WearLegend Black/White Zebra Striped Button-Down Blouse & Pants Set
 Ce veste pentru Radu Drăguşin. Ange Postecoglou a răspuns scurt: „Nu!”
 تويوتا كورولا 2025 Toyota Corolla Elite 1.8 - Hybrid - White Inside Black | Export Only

**To do**
Please repeat the whole listing above, keeping every line exactly as it reads.

**Reply to the exercise**
WearLegend Black/White Zebra Striped Button-Down Blouse & Pants Set
 Ce veste pentru Radu Drăguşin. Ange Postecoglou a răspuns scurt: „Nu!”
 تويوتا كورولا 2025 Toyota Corolla Elite 1.8 - Hybrid - White Inside Black | Export Only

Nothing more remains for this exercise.